Bravo Duprez nel puntualizzare i pregi e i difetti del nuovo Metropolitan, anche se non sono d’accordo sula giudizio negativo riguardo alla Lucia (approdata recentemente alla Scala) che io invece ho trovato molto interessante quando l’avevo vista su Youtube. Un allestimento tra “La voce nella tempesta” e “Via col vento” che, a mio parere, aveva il suo fascino. Ma qui capisco che è questione di gusti. Ad ogni modo mi sembra che fosse molto lontana dall’orrore dell’ultima Traviata con le verdure e Violetta trasformata in una signora tedesca degli anni 30 (vedere le ondine della permanente…) moglie di una gerarca delle SS.
Non son niente de I Troiani (altra opera che amo molto e per la quale ho comprato il biglietto) ma temo che sarà una boiata.

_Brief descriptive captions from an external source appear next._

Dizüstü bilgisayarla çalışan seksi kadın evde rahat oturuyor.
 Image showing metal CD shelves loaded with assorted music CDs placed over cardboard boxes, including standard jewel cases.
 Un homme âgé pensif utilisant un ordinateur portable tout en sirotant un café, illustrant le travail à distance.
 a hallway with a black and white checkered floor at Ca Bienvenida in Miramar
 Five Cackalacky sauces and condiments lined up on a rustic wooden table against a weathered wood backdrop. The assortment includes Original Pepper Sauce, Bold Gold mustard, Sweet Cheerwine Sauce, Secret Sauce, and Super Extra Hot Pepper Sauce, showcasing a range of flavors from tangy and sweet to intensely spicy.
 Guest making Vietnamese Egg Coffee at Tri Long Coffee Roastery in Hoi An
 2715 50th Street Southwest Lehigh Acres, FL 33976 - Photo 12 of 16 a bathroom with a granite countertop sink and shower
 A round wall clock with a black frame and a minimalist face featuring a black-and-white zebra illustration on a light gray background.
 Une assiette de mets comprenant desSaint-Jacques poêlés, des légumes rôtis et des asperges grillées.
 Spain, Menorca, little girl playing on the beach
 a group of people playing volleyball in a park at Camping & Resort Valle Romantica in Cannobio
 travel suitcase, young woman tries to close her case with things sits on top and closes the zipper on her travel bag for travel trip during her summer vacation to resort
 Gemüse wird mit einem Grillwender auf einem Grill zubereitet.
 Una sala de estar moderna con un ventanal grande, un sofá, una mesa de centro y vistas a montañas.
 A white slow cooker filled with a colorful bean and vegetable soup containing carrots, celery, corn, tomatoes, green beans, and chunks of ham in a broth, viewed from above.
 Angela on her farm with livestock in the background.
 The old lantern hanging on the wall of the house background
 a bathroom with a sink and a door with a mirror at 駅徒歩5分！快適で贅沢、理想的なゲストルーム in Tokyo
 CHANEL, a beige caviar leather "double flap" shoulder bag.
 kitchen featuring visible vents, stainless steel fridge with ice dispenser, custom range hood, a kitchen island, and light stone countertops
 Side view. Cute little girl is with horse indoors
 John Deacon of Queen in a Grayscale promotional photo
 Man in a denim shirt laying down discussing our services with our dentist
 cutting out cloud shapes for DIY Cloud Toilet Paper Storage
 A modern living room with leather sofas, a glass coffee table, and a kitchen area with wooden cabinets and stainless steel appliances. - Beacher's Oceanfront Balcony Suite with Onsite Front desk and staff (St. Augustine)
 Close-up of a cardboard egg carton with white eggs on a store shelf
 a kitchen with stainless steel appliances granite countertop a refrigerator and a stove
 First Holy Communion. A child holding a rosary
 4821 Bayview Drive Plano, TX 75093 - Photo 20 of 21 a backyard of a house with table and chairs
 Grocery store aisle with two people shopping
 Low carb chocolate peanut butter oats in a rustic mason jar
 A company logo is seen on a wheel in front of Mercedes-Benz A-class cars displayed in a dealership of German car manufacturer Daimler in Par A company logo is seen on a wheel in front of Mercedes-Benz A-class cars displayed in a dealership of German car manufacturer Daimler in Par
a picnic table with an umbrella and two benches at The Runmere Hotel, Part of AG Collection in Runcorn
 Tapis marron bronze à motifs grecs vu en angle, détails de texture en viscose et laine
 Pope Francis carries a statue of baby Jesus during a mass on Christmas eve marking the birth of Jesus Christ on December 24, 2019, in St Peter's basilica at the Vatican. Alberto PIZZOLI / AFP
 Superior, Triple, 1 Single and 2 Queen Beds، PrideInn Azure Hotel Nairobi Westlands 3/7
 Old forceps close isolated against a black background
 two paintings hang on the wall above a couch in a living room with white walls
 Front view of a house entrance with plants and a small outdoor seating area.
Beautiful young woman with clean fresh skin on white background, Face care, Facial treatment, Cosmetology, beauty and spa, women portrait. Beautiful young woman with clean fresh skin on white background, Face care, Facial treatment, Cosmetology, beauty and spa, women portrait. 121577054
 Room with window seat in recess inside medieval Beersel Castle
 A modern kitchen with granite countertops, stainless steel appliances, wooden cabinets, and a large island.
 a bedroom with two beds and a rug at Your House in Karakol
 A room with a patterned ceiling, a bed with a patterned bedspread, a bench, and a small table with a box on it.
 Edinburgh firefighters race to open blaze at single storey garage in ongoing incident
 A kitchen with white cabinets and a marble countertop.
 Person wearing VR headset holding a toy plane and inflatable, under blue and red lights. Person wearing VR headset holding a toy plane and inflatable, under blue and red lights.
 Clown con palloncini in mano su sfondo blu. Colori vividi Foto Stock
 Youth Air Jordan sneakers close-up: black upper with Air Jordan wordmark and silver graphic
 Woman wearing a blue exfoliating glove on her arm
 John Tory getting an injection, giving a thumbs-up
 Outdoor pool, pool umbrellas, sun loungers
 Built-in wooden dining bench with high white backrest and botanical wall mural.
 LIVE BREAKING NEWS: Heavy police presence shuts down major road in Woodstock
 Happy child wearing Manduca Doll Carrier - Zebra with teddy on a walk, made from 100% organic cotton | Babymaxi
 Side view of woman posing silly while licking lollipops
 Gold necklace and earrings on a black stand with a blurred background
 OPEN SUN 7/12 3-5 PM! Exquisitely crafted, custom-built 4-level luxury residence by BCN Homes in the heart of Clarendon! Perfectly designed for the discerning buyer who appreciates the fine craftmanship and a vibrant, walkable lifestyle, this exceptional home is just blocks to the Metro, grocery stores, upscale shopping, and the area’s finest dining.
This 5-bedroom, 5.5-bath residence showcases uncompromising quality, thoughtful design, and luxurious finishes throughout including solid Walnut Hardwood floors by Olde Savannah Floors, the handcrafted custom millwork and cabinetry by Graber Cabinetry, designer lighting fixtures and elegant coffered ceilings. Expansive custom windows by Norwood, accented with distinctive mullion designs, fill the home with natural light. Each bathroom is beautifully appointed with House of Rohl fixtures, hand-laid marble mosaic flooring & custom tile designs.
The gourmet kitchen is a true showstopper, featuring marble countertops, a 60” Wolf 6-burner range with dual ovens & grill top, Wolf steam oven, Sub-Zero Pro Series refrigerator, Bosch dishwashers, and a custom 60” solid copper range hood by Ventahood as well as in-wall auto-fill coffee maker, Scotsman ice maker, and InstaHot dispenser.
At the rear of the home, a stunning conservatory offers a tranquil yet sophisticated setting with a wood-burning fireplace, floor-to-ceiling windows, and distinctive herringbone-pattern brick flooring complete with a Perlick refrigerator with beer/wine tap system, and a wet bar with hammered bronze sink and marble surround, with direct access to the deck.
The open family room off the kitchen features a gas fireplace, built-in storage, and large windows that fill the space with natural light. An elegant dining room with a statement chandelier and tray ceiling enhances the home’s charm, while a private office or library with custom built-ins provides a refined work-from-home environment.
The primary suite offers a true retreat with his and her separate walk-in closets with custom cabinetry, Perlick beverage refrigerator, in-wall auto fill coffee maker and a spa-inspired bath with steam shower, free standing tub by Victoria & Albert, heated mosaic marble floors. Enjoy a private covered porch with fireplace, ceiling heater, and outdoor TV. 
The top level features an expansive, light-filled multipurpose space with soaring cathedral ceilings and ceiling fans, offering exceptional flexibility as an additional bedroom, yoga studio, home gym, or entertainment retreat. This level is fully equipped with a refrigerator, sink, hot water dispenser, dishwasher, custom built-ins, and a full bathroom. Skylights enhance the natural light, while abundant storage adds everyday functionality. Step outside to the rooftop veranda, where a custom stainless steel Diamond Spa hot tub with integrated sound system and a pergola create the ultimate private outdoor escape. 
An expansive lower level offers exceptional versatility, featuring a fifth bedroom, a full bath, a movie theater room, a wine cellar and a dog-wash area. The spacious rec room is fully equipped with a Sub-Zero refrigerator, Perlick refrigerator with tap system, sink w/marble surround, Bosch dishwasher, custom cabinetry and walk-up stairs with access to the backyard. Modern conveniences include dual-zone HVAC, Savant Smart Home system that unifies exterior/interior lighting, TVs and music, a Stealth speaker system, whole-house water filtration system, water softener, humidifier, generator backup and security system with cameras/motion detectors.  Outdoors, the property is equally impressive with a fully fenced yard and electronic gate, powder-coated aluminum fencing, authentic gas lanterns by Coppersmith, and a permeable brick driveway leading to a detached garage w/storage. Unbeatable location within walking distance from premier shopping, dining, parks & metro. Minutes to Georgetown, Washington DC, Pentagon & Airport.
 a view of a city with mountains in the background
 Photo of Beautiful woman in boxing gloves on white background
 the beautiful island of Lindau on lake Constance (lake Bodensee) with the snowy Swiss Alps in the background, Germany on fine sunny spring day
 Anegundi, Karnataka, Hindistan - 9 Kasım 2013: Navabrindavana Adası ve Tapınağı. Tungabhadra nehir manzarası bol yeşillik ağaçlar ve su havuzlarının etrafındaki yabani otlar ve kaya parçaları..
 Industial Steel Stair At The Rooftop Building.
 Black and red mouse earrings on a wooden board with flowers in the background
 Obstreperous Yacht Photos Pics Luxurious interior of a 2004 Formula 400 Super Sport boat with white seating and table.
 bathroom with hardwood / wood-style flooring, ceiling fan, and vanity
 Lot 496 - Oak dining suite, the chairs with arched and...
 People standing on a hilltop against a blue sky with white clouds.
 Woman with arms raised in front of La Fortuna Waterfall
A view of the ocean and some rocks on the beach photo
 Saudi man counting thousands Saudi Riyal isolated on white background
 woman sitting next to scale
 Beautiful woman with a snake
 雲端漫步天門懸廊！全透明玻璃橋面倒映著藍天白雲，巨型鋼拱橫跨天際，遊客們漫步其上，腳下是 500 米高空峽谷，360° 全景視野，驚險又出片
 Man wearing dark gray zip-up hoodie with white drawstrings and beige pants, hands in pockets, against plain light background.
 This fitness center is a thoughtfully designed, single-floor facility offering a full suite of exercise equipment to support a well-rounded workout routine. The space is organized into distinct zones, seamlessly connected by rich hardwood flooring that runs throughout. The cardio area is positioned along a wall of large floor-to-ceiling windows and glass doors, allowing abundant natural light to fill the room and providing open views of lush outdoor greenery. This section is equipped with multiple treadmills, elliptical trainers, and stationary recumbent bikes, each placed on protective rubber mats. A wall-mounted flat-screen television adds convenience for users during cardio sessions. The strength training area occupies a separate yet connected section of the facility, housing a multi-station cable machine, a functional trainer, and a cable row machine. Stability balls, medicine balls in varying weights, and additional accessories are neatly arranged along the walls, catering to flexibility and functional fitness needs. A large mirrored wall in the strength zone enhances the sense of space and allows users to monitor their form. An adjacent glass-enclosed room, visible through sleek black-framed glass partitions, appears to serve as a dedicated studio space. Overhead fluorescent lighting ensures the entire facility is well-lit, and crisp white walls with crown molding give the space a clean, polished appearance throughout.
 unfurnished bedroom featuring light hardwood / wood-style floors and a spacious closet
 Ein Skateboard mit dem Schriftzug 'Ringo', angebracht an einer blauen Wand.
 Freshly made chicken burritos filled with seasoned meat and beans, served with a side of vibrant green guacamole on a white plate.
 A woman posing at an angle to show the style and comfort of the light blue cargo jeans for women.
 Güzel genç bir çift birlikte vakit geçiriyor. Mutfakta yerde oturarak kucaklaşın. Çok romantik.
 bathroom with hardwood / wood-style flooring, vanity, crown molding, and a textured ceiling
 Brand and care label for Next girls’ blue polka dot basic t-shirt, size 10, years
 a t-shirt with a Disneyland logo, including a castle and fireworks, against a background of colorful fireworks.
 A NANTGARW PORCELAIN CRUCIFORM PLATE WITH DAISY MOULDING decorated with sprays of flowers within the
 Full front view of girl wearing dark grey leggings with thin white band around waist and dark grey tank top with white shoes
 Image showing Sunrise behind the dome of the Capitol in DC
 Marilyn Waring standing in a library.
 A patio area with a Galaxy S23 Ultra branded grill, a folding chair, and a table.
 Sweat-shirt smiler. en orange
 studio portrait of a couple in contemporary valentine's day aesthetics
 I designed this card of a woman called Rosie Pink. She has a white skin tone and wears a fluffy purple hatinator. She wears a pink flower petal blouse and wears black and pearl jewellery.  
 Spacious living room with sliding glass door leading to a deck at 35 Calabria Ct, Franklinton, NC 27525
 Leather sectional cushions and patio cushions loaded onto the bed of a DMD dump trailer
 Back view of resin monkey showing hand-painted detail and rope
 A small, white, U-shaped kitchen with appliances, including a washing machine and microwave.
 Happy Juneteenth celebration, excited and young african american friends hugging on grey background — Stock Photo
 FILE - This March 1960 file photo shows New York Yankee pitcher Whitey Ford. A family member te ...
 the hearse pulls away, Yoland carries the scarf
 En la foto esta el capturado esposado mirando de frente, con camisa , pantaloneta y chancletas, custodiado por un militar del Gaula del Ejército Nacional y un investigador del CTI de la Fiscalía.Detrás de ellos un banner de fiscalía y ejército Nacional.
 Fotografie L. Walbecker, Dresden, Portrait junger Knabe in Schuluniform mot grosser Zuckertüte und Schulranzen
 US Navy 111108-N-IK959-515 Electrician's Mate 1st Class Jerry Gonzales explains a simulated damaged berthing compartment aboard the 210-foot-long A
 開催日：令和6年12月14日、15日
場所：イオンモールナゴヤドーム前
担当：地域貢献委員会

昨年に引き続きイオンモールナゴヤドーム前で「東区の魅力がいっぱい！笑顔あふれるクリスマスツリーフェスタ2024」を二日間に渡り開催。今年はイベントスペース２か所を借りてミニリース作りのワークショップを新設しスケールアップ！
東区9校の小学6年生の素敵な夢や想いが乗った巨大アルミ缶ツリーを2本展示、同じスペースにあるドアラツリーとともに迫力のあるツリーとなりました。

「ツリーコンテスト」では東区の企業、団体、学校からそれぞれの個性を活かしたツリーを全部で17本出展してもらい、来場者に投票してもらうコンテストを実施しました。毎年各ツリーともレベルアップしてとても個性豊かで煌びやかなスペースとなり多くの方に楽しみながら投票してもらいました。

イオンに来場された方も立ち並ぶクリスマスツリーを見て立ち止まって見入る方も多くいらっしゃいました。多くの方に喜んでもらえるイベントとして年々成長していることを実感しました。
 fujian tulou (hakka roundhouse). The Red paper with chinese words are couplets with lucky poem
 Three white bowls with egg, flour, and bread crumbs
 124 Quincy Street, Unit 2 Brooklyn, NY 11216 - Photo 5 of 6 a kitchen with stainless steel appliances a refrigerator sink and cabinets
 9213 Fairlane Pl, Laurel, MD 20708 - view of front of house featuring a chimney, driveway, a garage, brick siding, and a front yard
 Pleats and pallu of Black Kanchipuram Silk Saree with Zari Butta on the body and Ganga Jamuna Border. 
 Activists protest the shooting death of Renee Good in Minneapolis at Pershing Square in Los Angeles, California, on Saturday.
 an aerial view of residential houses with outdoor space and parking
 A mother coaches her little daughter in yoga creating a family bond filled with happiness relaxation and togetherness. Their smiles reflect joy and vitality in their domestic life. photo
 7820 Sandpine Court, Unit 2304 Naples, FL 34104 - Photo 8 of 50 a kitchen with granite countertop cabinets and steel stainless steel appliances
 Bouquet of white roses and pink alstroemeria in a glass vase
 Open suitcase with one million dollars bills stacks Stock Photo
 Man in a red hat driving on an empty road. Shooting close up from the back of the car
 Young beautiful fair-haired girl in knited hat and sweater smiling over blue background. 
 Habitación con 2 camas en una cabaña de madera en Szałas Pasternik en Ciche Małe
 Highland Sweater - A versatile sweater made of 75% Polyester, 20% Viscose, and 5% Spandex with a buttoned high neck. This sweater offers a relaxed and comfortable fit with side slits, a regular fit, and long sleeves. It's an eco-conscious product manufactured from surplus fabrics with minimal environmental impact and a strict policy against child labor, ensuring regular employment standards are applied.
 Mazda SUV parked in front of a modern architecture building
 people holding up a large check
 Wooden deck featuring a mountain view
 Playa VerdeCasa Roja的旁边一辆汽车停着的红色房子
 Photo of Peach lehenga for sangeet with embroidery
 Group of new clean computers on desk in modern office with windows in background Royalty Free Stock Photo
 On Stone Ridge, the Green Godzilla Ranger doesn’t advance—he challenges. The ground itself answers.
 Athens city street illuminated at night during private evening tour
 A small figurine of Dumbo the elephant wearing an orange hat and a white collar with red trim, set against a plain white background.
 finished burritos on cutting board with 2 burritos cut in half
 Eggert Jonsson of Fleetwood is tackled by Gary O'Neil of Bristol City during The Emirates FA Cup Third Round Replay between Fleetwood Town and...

Qualcuno del blog sa qualcosa in proposito?
Saluti
Chi ha visto l allestimento a Londra ne ha ben parlato. Interessa molto pappano, ma dal punto di vista delle vendite di biglietti l interesse pare scarso. Vedremo, anzi, sentiremo. Circa la Lucia, hanno molto infastidito le sciocchezze registiche, sulle quali si poteva intervenire.
Dei Troyens esiste anche il dvd, registicamente sono straordinari: spettacolari e rispettosi della drammaturgia originale. Del resto McVicar è grandissimo regista: era ora venisse alla Scala (splendida anche la sua Adriana e le Nozze di Figaro). Una vera boiata era invece lo spettacolo di Ronconi…grazie a Dio non più ripreso. Pappano è uno dei migliori direttori di oggi (e finalmente arriva alla Scala…dopo anni). Le vendite dei biglietti interessano relativamente: in un teatro trasformato in attrazione turistica per analfabeti musicali (ormai la Scala fa parte dei pacchetti viaggio dei tour organizzati) è ovvio che si vendano solo Aide, Trovatori, Barbieri Lucie o Tosche…insomma le stagioni dell’ASLICO o dell’Arena.